How to Take 'Bitch' Down: What the New York Times Gets Right and Wrong About the Controversial Word
In an excellent op-ed last week in The New York Times, Andi Zeisler describes Hillary Clinton’s longstanding, often contentious relationship with the word “bitch.” Zeisler notes that no shortage of Trump supporters and unapologetic misogynists have used the word to attack the presidential candidate, but also describes a reclaiming of sorts by Clinton’s supporters. “[T]here’s a whole other group of people embracing and amplifying Mrs. Clinton’s bitchiness,” Ziesler writes. “The person showcased and celebrated in Tumblrs, photo captions and satirical statements from the candidate herself is revolutionary not just for her political stature, but for demonstrating that likability is no longer the heaviest cudgel a woman can wield.”

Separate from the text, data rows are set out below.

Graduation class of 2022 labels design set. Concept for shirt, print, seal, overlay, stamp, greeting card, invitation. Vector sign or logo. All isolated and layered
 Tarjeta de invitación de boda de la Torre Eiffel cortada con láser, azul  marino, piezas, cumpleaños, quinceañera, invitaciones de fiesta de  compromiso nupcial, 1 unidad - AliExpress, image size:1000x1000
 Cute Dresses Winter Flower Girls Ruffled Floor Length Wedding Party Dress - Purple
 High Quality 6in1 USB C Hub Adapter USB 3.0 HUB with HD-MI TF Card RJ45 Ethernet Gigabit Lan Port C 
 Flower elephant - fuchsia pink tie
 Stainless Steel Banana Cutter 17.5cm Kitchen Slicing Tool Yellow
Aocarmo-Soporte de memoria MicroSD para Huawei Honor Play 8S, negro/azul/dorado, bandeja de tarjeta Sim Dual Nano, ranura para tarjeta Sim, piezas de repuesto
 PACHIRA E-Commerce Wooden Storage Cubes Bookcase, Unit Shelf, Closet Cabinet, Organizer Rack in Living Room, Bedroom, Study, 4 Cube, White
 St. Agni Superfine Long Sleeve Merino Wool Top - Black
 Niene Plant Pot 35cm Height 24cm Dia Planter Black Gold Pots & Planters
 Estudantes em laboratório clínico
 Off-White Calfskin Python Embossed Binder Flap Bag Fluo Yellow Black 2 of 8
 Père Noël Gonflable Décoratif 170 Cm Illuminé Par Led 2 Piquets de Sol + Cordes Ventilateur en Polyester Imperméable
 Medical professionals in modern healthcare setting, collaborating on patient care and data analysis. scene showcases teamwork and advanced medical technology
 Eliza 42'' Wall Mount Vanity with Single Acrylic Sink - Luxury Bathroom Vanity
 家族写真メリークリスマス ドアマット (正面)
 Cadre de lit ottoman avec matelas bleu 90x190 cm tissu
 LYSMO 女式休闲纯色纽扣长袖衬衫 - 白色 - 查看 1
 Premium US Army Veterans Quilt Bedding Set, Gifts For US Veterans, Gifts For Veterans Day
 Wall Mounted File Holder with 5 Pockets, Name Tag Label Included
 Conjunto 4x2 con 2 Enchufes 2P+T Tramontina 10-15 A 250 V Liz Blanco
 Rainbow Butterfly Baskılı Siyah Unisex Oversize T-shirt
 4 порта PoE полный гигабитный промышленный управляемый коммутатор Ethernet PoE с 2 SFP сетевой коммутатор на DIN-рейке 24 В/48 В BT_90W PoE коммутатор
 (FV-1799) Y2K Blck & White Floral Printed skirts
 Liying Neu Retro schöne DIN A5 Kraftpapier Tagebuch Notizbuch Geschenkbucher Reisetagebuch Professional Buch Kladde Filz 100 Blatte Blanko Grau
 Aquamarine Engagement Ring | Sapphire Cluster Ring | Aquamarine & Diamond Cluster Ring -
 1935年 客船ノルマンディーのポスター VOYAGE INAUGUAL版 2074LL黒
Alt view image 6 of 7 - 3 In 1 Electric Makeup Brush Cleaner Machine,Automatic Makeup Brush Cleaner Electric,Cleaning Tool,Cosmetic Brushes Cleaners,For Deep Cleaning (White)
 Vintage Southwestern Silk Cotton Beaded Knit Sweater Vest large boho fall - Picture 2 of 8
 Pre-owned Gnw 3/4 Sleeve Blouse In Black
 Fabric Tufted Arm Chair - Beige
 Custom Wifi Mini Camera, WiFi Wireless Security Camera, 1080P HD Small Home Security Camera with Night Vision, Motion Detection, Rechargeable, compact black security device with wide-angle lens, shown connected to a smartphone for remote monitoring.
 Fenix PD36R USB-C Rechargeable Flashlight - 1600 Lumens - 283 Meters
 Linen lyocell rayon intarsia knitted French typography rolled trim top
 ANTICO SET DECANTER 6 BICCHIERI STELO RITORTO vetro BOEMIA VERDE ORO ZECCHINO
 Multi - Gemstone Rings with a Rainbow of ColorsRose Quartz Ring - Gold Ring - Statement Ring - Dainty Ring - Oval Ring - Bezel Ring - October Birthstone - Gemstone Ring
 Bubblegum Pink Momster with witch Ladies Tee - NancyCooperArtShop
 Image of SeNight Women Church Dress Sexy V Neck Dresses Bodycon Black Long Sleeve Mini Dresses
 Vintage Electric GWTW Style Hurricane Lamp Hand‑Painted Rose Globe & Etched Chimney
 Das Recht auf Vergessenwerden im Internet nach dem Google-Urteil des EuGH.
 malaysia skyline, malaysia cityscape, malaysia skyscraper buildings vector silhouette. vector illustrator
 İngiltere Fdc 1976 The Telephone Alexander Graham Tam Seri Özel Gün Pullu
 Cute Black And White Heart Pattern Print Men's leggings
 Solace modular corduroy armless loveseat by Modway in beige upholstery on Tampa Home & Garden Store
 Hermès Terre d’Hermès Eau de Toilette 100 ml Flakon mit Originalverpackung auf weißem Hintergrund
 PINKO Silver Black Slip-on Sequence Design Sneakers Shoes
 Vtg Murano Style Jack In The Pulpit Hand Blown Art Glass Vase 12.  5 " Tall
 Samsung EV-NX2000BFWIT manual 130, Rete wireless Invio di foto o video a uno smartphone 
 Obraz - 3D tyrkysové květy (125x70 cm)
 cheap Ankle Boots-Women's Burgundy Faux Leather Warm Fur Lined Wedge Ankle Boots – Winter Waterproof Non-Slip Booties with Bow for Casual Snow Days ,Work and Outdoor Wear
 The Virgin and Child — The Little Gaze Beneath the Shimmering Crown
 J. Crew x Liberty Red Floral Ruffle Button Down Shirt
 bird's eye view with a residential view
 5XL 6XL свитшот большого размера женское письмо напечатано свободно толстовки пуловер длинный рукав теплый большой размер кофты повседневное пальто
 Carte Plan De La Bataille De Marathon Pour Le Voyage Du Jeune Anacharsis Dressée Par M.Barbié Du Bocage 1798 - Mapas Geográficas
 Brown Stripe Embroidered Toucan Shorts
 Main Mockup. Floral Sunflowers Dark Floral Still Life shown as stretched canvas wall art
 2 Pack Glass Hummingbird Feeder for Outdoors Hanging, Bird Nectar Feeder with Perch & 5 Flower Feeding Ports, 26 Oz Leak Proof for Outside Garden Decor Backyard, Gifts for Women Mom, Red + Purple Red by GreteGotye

A few days later, public editor Liz Spayd responded to criticism of the piece’s message, ostensibly limiting her focus to its headline: “The Bitch America Needs.” Spayd also highlighted the dishonorable intentions of many who employ the term, describing “Trump That Bitch” t-shirts, cheers at Trump rallies, and a young boy at one such event who shouted “Take the bitch down.” (All three examples were presented as a rebuttal to Zeisler’s piece, and all three examples were highlighted by Zeisler herself.) Spayd sides with critics who decried the paper’s use of the word, insisting that, in all cases, the word is “surely intended as crude and demeaning.” “[R]eferring to the first female presidential nominee as the right bitch for the job brings an air of the legitimacy to the word,” she writes, “that seems beyond where we are at this moment in history.”
Spayd’s implication that the use of a slur is always crude might be accurate, but her contention that its use is always intended as demeaning is far more contentious. In the “Epithets and Attitudes” chapter of his 2008 book “When Truth Gives Out,” Harvard philosophy professor Mark Richard offers several unobjectionable uses of slurs. “Slurs can be used without displaying contempt or causing hurt,” he wrote. “This happens, for example, when a slur is appropriated by its targets: it is an insult to no one, save perhaps the homophobe, for gay people to call themselves queer. A slur can be self-ascribed to record one’s status as a victim of discrimination or worse.”
The question of whether “bitch” qualifies as a slur, however, turns out to be quite complicated. A working definition put forth by Richard suggests that a slur’s use assigns a moral judgment to a morally neutral trait. “A slur directed towards African Americans means to a first, rough approximation, something like black and despicable because of it,” he wrote. But Zeisler argues that the word has traditionally been applied to describe women “flexing influence, standing up for their beliefs, not acting according to feminine norms and expectations.” It is a testament to the strength and pervasiveness of sexism that we’ve accepted as a slur a word whose definition isn’t just neutral, let alone negative, but is downright positive.
But for all intents and purposes, Richard’s exceptions to the general anti-epithet rule are applicable here. Using “bitch” in the context in which Zeisler and others have reclaimed it is not just an act of appropriation, it’s also an act of recording Clinton’s status as a member of an oppressed class, the victim of discrimination (or worse). It doesn’t use sexism to degrade women who are targets of it; it highlights that sexism is at play.
There are alternative philosophies on the utility of recording that status. One argues that to do so worsens oppression, that by continuing to bemoan the effects of sexism (or racism, or the like), one is highlighting one’s differences in an inescapably sexist way. It is a view MSNBC’s Irin Carmon sarcastically summarized as “Feminists are the real sexists” when tweeting Spayd’s piece. That view generally holds that ignoring differences and focusing on bettering one’s station, uneven playing field be damned, is the best way to combat discrimination.
Another more robust philosophy argues instead that one can simultaneously try to outwork oppression to achieve success on an individual level and champion greater tolerance and fairness on a societal one. It even holds that doing the former is necessary to effectively do the latter, even if such “unbridled ambition” is likely to get one branded a bad name.
Spayd essentially argues that since the word is employed hatefully, it’s impossible for its targets to re-appropriate it. She holds, instead, that we ought to bow down to the word’s power until, magically, it’s powerless, at which point non-misogynists are free to employ it once more. She neglects to gesture at how the force of the word might be lessened without tacts such as re-appropriation; nor does she acknowledge that once a word is no longer used as a weapon, wielding it in a non-hateful manner is no longer appropriation at all.
But more troubling is that Spayd may have more in common with the worldview of the obviously deplorable “Trump that bitch”-ers than she admits. Women — and in particular feminists — aren’t passive recipients of linguistic messages. They can, instead, be full and active participants in linguistic discourse, helping to reframe the social, cultural and political connotations of even the ugliest of words. If a word’s power derives from its capacity to stifle their ambition and silence their voices, they can exhaust that ambition trying to live up to impossible standards, or use those voices to reject them entirely. To, in other words, take that “bitch” down.